Ryanair Holdings RYA has more than halved its planned UK growth from 12% to 5% because of weaker sterling and slower economic growth. For the half year to 30th September profits rose by 7% on fares down by 10% and unit costs also down by 10%. Basic earnings per share for the half year rose by 15%. Some competitors have been  unable to stand the competition and have closed bases and routes. The 18% fall in sterling has reduced full year guidance by 75m Euro.
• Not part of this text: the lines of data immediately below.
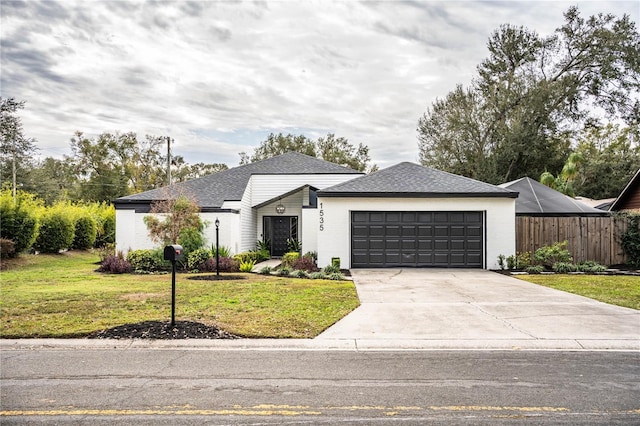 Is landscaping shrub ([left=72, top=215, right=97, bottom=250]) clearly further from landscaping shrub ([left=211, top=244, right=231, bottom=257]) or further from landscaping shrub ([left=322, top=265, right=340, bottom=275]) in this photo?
landscaping shrub ([left=322, top=265, right=340, bottom=275])

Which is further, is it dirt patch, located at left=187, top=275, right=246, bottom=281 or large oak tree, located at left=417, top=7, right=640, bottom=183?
large oak tree, located at left=417, top=7, right=640, bottom=183

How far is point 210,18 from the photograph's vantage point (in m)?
14.0

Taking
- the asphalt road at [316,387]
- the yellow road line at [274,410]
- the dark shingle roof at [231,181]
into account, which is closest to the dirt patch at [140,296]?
the asphalt road at [316,387]

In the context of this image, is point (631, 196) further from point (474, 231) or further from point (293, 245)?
point (293, 245)

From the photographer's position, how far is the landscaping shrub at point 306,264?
1775 centimetres

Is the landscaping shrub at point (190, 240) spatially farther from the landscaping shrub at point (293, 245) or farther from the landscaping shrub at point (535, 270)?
the landscaping shrub at point (535, 270)

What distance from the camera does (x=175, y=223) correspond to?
59.9 ft

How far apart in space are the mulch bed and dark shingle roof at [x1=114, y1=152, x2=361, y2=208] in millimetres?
13066

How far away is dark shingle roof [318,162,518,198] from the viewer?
1816cm

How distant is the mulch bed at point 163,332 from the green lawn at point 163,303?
240 mm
Hiscox HSX In the 9 months to 30th September material foreign exchange gains helped Hiscox to increase gross written premiums by 20.9%, compared to 14.3% in local currency. All segments put in a strong performance but Hiscox London Market and Hiscox RE continued to find trading conditions difficult and margins are evaporating in some areas.

Keywords Studios KWS Revenues and adjusted profit before tax will be significantly ahead of current market expectations for the year to 31st December, with adjusted profit before tax   expected to be not less than 14m. Euro.

Fevertree Drinks FEVR   has continued to perform strongly in the second half, particularly in the UK and anticipates that results for the year to 31st December will be materially ahead of current market expectations.

EKF Diagnostics EKF  Revenue and adjusted EBITDA will exceed current market expectations for the year to the end of December. Early fourth quarter trading has been materially higher than budget and exceeds the previous revised figures.

Dignity DTY Underlying operating profit fell by 2.9% in the 39 weeks to the end of September, slightly ahead of expectations, as the number of deaths declined by 2.9% at the same time as the company lost market share.